__WHAT IS EXPECTED__
Write out, word for word and with no pictures, each line below from the one containing "重庆滑板队状态解析：年轻力量如何引领滑板运动新风潮" through the one containing "ZARA KIDS(ザラキッズ)のmima様 ZARA", both included, and no other line.

__RECORDS SHOWN__

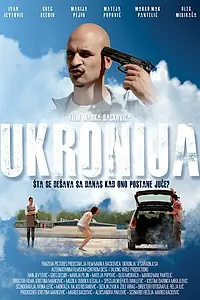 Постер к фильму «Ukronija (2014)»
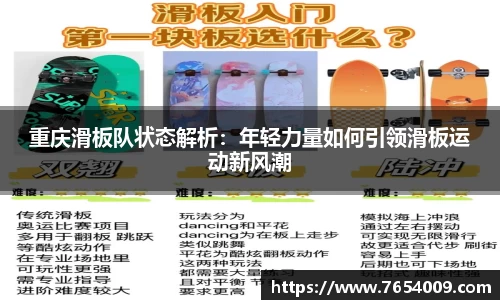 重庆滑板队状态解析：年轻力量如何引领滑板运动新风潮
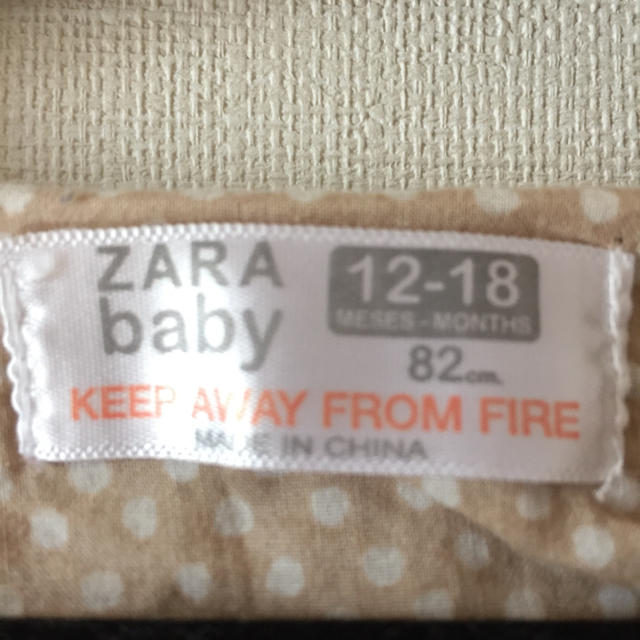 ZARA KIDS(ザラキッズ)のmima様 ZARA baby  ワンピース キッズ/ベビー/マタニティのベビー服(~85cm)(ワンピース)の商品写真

...

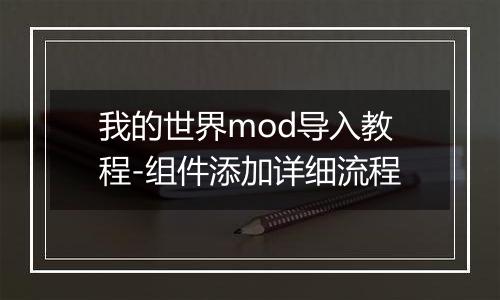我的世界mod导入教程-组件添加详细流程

__WRITTEN SOLUTION__
 重庆滑板队状态解析：年轻力量如何引领滑板运动新风潮
 ZARA KIDS(ザラキッズ)のmima様 ZARA baby  ワンピース キッズ/ベビー/マタニティのベビー服(~85cm)(ワンピース)の商品写真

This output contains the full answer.